▶ PROBLEM TO WORK ON: Print each record exactly, with no word added or removed.

(Stored records)

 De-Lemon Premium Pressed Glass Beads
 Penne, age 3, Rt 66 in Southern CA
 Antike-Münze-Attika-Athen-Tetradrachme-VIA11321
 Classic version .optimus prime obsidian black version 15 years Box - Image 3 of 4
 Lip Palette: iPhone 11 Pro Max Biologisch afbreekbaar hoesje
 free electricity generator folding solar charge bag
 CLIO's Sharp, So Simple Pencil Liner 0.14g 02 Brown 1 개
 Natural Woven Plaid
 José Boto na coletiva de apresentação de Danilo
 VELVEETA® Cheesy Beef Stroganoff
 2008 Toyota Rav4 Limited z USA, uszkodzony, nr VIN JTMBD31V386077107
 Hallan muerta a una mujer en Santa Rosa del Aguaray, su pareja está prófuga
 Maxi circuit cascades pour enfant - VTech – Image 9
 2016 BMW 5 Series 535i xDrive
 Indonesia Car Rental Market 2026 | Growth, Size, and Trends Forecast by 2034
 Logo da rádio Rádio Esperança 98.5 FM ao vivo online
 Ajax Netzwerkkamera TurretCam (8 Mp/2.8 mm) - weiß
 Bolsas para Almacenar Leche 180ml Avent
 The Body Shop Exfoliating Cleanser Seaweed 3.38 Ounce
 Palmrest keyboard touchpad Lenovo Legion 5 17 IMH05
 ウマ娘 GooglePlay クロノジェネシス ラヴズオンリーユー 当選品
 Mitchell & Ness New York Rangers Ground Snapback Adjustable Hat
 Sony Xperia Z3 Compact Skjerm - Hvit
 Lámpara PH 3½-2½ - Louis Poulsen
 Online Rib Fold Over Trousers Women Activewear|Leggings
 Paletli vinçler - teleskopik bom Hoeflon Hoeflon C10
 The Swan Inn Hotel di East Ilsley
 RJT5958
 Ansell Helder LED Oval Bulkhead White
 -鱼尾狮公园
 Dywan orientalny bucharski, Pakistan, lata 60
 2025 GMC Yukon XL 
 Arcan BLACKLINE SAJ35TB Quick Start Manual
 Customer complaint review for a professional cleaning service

▶ RESULT FOR THIS TASK:
 De-Lemon Premium Pressed Glass Beads
 Penne, age 3, Rt 66 in Southern CA
 Antike-Münze-Attika-Athen-Tetradrachme-VIA11321
 Classic version .optimus prime obsidian black version 15 years Box - Image 3 of 4
 Lip Palette: iPhone 11 Pro Max Biologisch afbreekbaar hoesje
 free electricity generator folding solar charge bag
 CLIO's Sharp, So Simple Pencil Liner 0.14g 02 Brown 1 개
 Natural Woven Plaid
 José Boto na coletiva de apresentação de Danilo
 VELVEETA® Cheesy Beef Stroganoff
 2008 Toyota Rav4 Limited z USA, uszkodzony, nr VIN JTMBD31V386077107
 Hallan muerta a una mujer en Santa Rosa del Aguaray, su pareja está prófuga
 Maxi circuit cascades pour enfant - VTech – Image 9
 2016 BMW 5 Series 535i xDrive
 Indonesia Car Rental Market 2026 | Growth, Size, and Trends Forecast by 2034
 Logo da rádio Rádio Esperança 98.5 FM ao vivo online
 Ajax Netzwerkkamera TurretCam (8 Mp/2.8 mm) - weiß
 Bolsas para Almacenar Leche 180ml Avent
 The Body Shop Exfoliating Cleanser Seaweed 3.38 Ounce
 Palmrest keyboard touchpad Lenovo Legion 5 17 IMH05
 ウマ娘 GooglePlay クロノジェネシス ラヴズオンリーユー 当選品
 Mitchell & Ness New York Rangers Ground Snapback Adjustable Hat
 Sony Xperia Z3 Compact Skjerm - Hvit
 Lámpara PH 3½-2½ - Louis Poulsen
 Online Rib Fold Over Trousers Women Activewear|Leggings
 Paletli vinçler - teleskopik bom Hoeflon Hoeflon C10
 The Swan Inn Hotel di East Ilsley
 RJT5958
 Ansell Helder LED Oval Bulkhead White
 -鱼尾狮公园
 Dywan orientalny bucharski, Pakistan, lata 60
 2025 GMC Yukon XL 
 Arcan BLACKLINE SAJ35TB Quick Start Manual
 Customer complaint review for a professional cleaning service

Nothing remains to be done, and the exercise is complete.